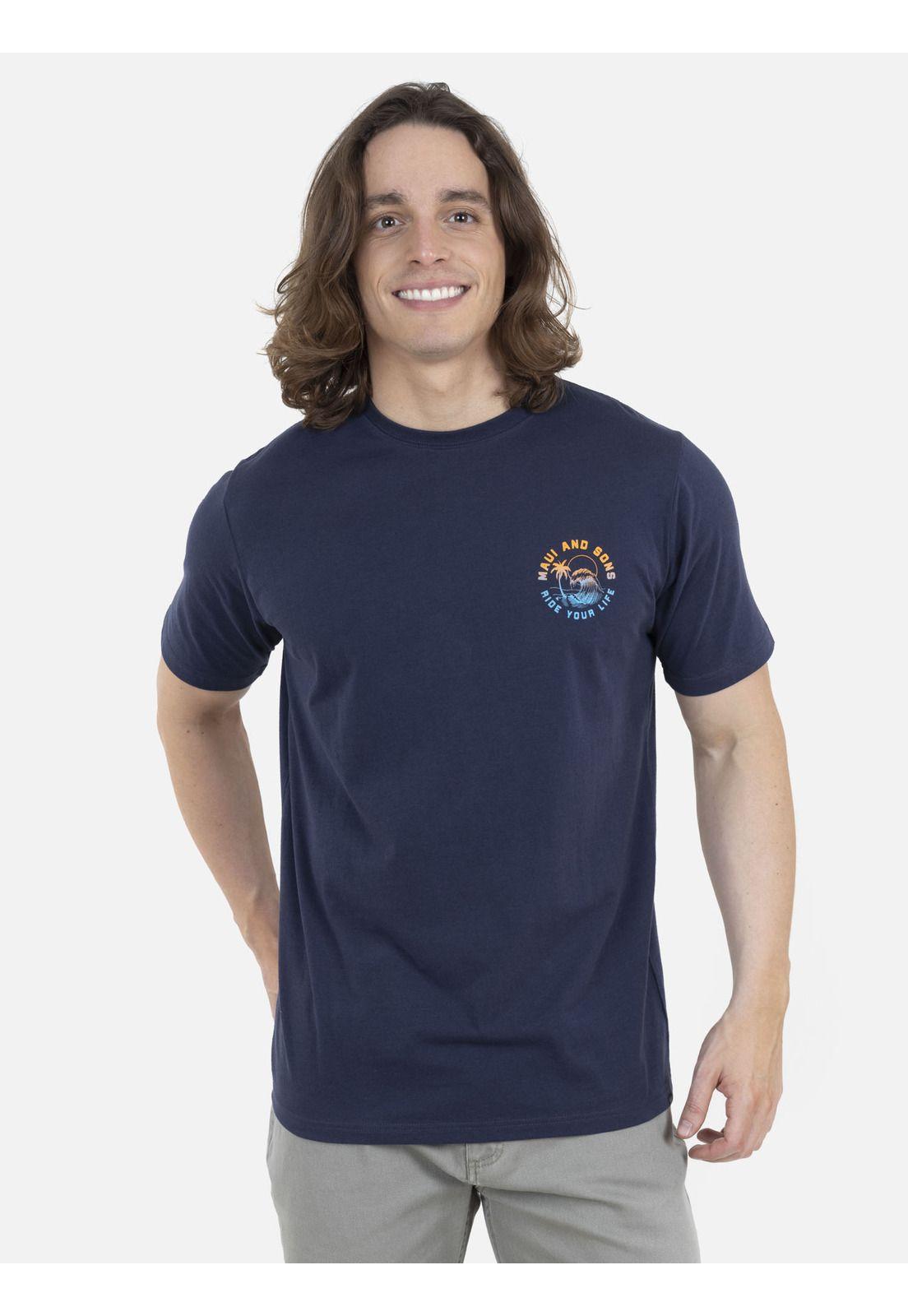 Polera Hombre Azul Oscuro 5P1007-MV22 Maui And Sons-0
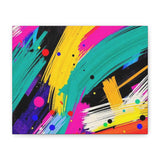 Abstract Neon Brushstroke Canvas Print — Colorful Modern Wall Art thumbnail 2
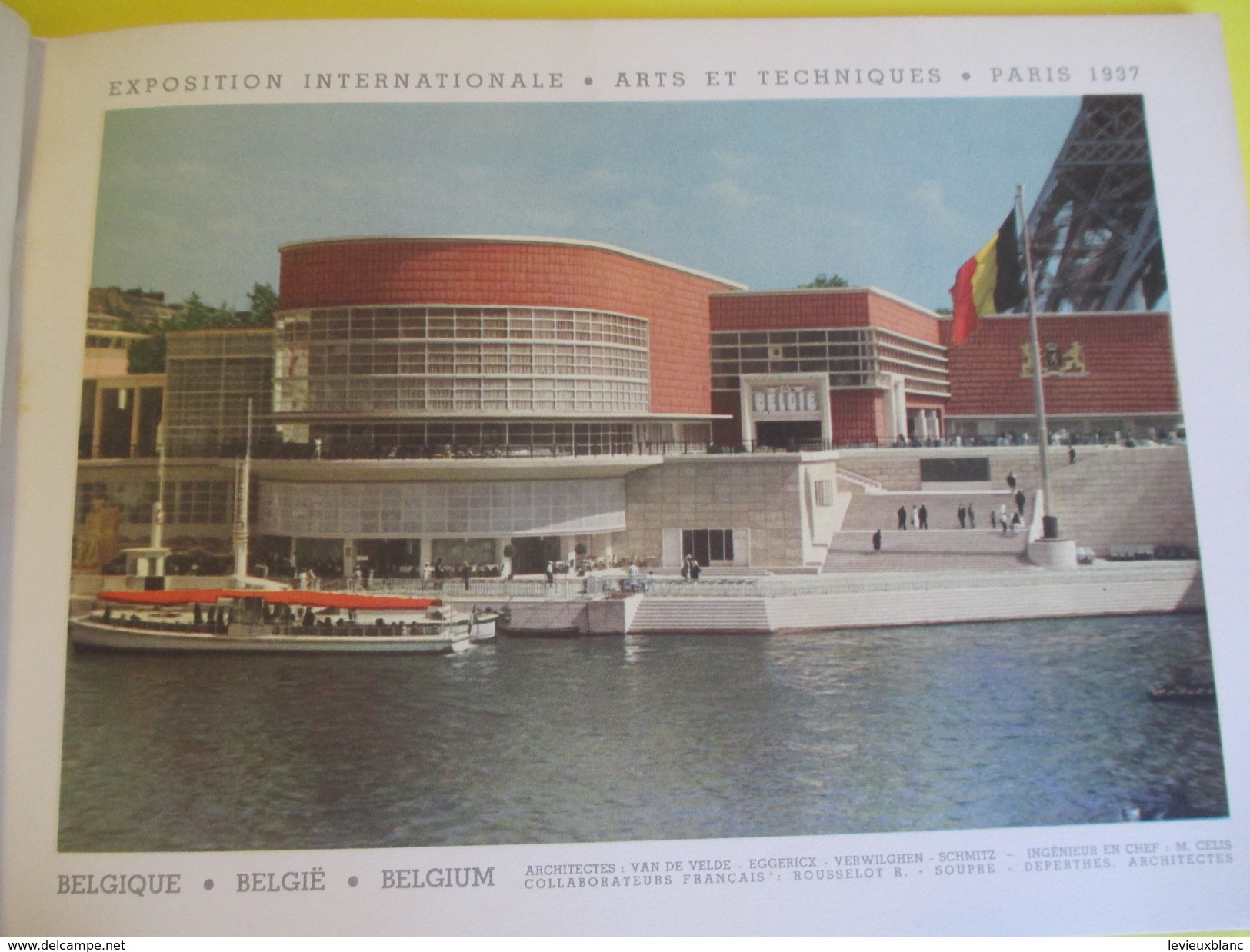 Photographies En Couleur/Album Officiel/ Exposition Internationale Des Arts Et Des Techniques /Paris/1937      CAT150 - Autres & Non Classés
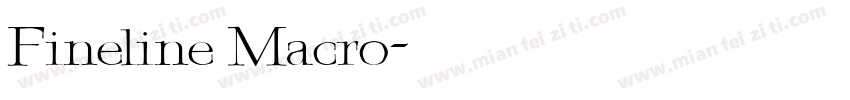 Fineline Macro字体转换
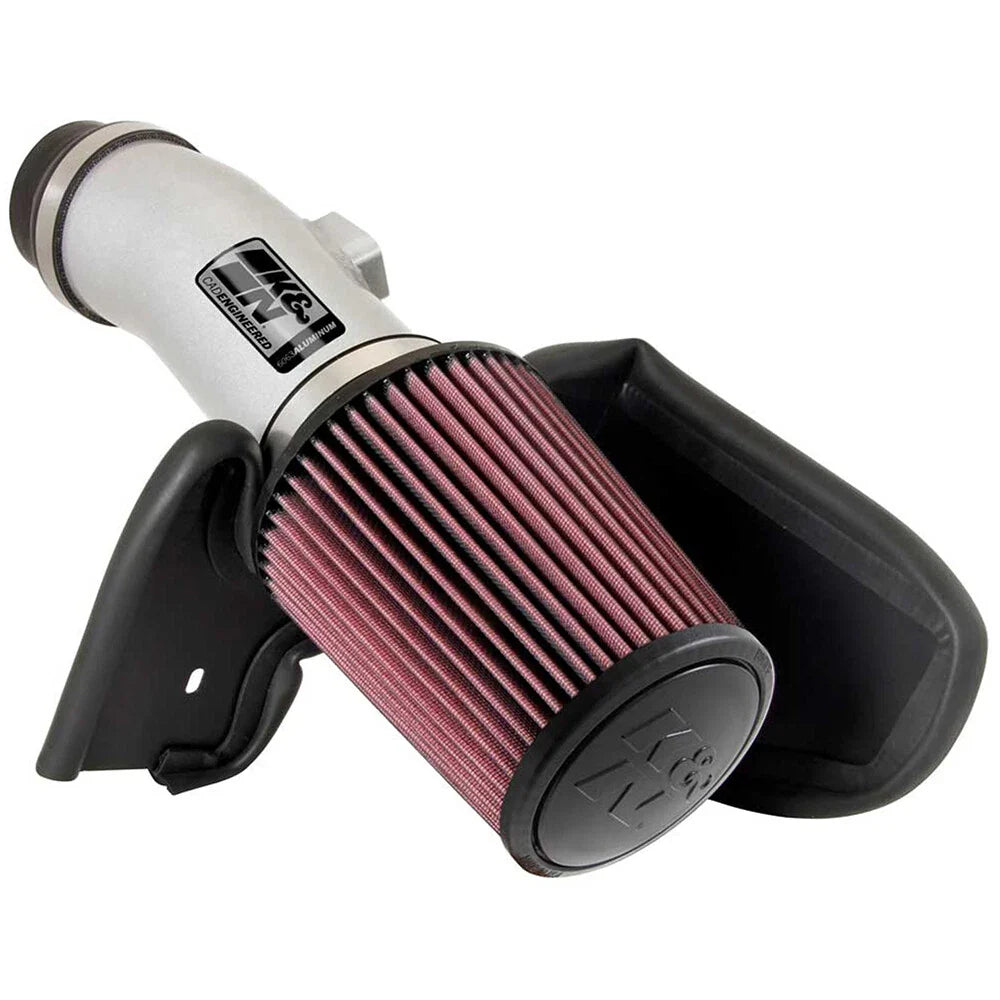 K&N 08 Honda Accord 3.5L-V6 Silver Typhoon Short Ram Intake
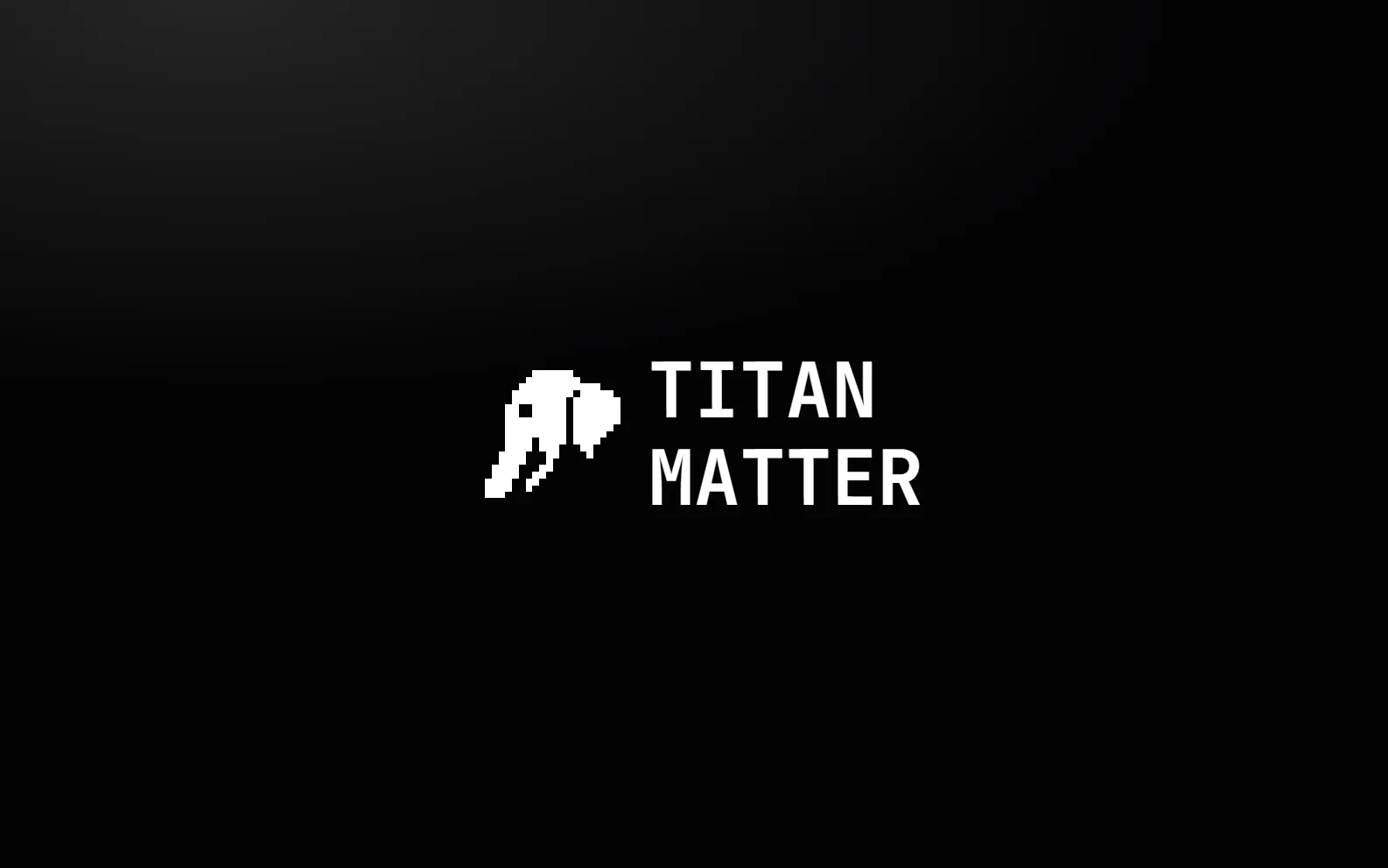The TITANMATTER mark on a dark ground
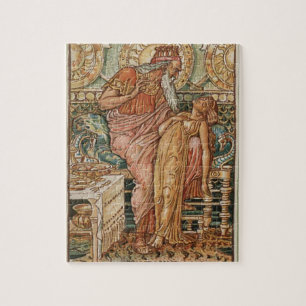 Puzzle Les Midas Vintages Art Déco deviennent la fille de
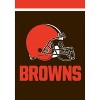 Briarwood Lane Cleveland Browns House Flag NFL Licensed 28" x 40" - 3 of 4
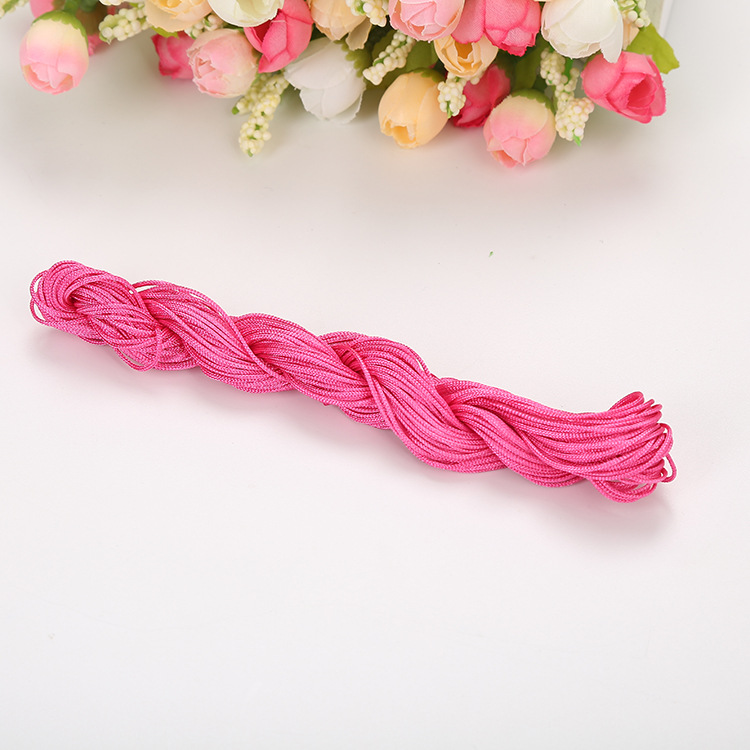 DIY Handmade Jewelry Accessories Bracelet Woven Material a Jade Thread 1mm Chinese Knot Rope Cord for Braiding Tassel/Fringe Wholesale DIY Handmade Jewelry Accessories Bracelet Woven Material a Jade Thread 1mm Chinese Knot Rope Cord for Braiding Tassel/Fringe Wholesale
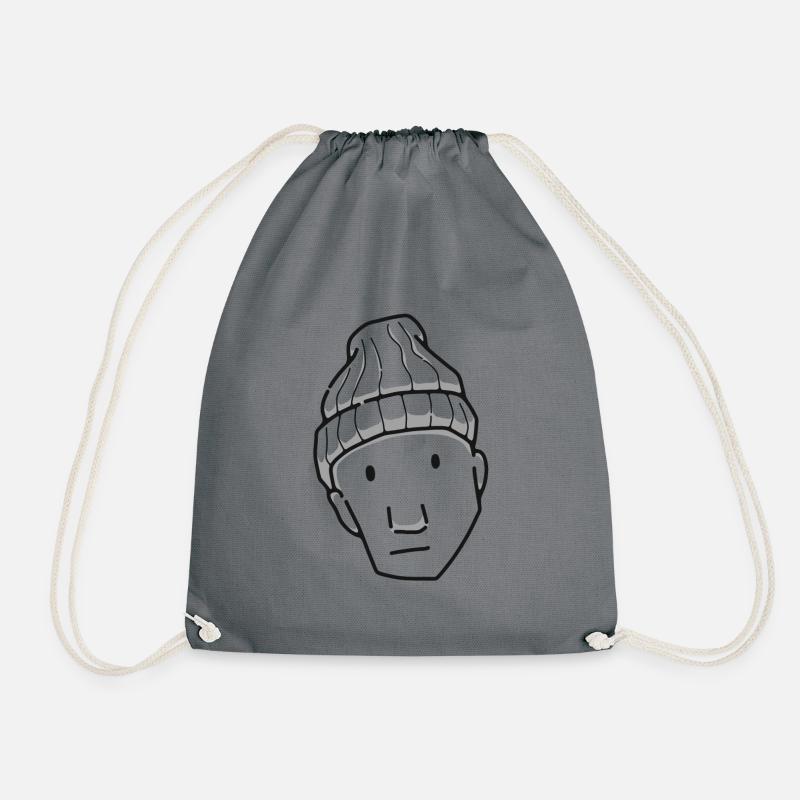 Funny guy - Drawstring Bag - grey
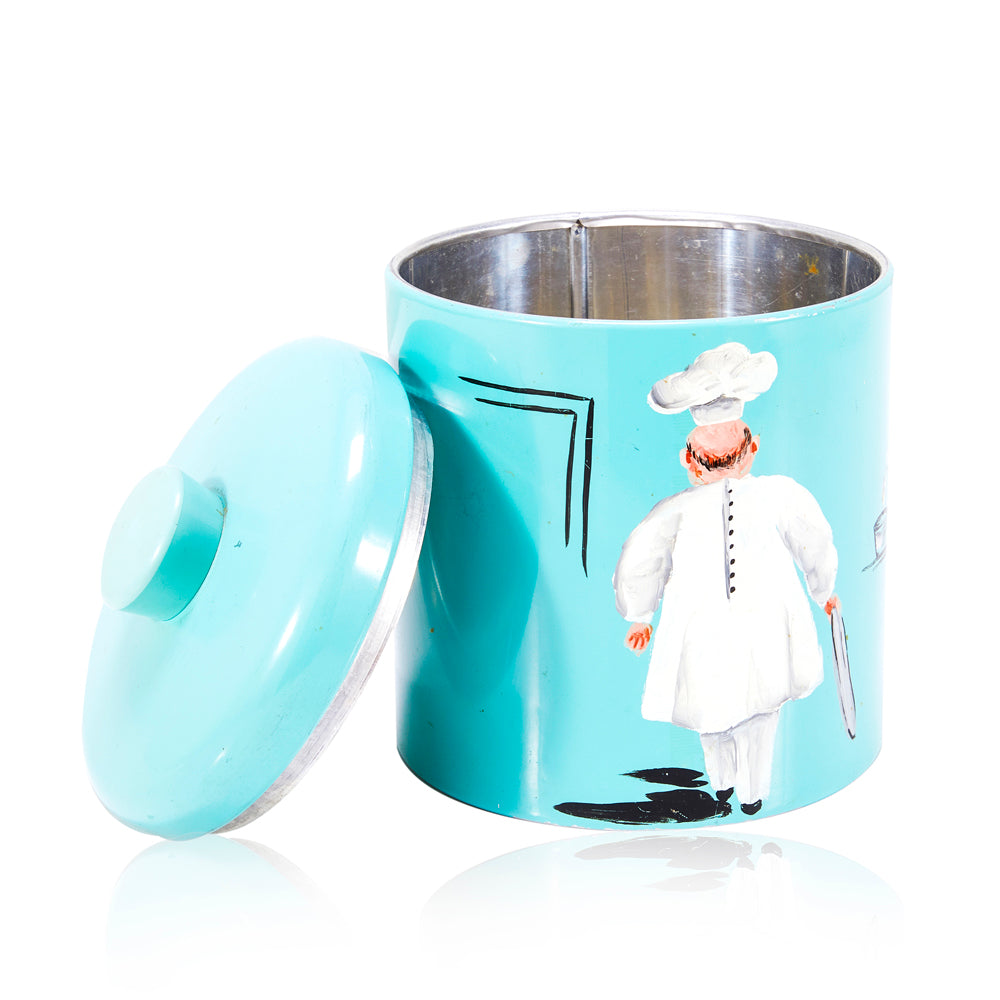 Blue Metal Chef Cookie Jar - Large (A+D)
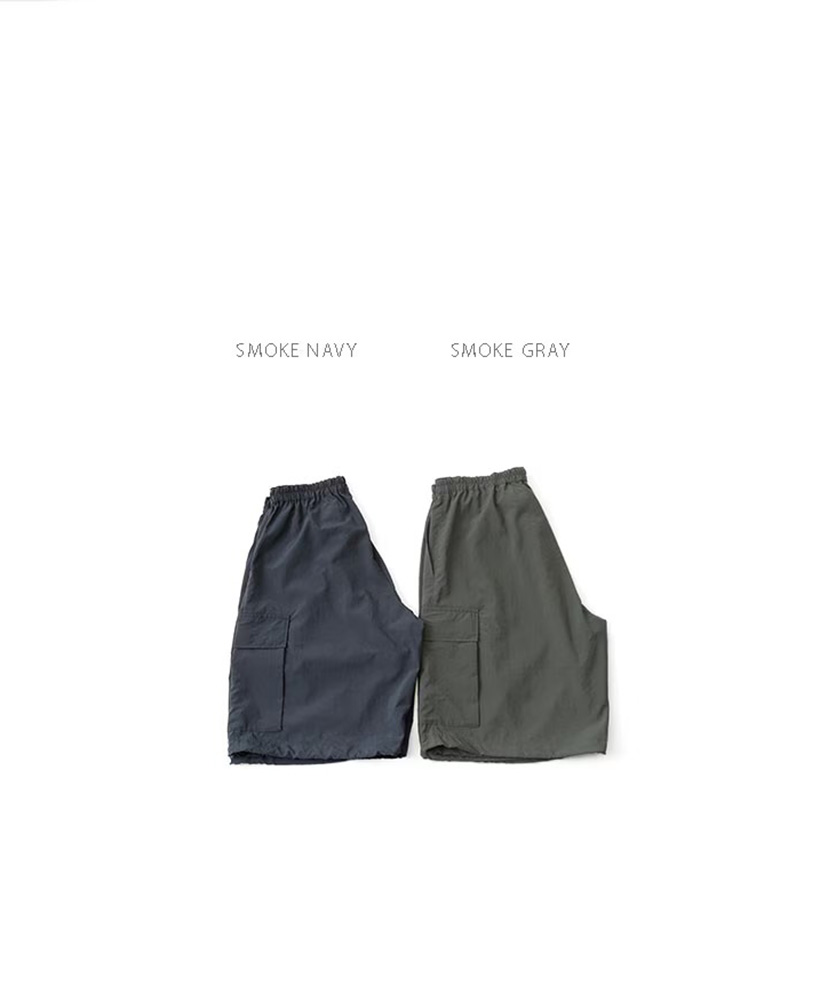 ユニセックスカーゴショーツ Smoke Navy/スモークネイビー 1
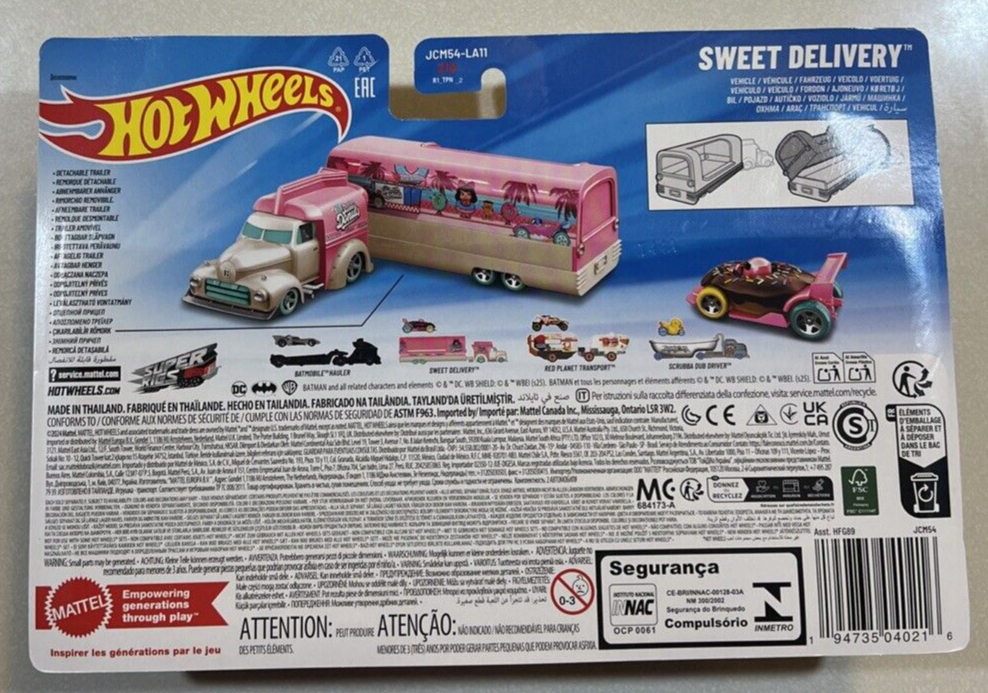 NEW 2025 Hot Wheels Super Rigs Sweetie's Donuts Sweet Delivery | eBay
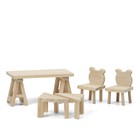 Набор деревянной мебели для домика «Сделай сам» - Фото 2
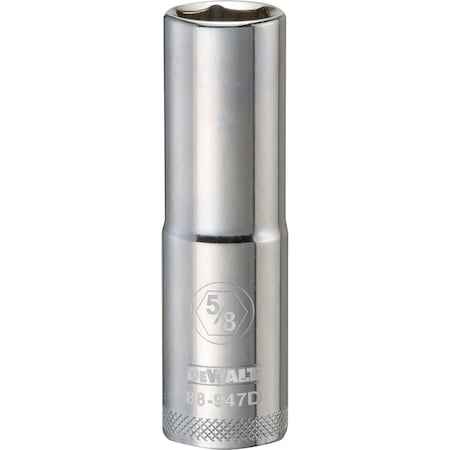 Drive Deep Socket, 6-Point, 5/8in-1/2in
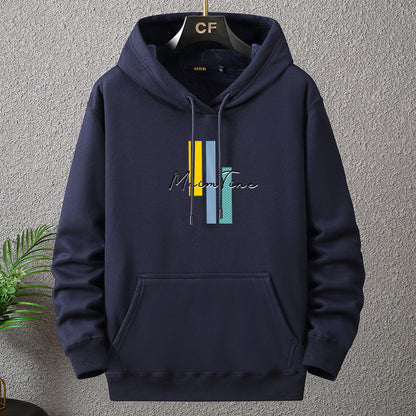 Herren Fleece-Kapuzenpullover in Blau, Übergröße (12XL)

Task prompt:
Output every entry word for word, but omit the pictures.

Written answer:
 Polera Hombre Azul Oscuro 5P1007-MV22 Maui And Sons-0
 Abstract Neon Brushstroke Canvas Print — Colorful Modern Wall Art thumbnail 2
 Photographies En Couleur/Album Officiel/ Exposition Internationale Des Arts Et Des Techniques /Paris/1937      CAT150 - Autres & Non Classés
 Fineline Macro字体转换
 K&N 08 Honda Accord 3.5L-V6 Silver Typhoon Short Ram Intake
The TITANMATTER mark on a dark ground
 Puzzle Les Midas Vintages Art Déco deviennent la fille de
 Briarwood Lane Cleveland Browns House Flag NFL Licensed 28" x 40" - 3 of 4
 DIY Handmade Jewelry Accessories Bracelet Woven Material a Jade Thread 1mm Chinese Knot Rope Cord for Braiding Tassel/Fringe Wholesale DIY Handmade Jewelry Accessories Bracelet Woven Material a Jade Thread 1mm Chinese Knot Rope Cord for Braiding Tassel/Fringe Wholesale
 Funny guy - Drawstring Bag - grey
 Blue Metal Chef Cookie Jar - Large (A+D)
 ユニセックスカーゴショーツ Smoke Navy/スモークネイビー 1
 NEW 2025 Hot Wheels Super Rigs Sweetie's Donuts Sweet Delivery | eBay
 Набор деревянной мебели для домика «Сделай сам» - Фото 2
 Drive Deep Socket, 6-Point, 5/8in-1/2in
 Herren Fleece-Kapuzenpullover in Blau, Übergröße (12XL)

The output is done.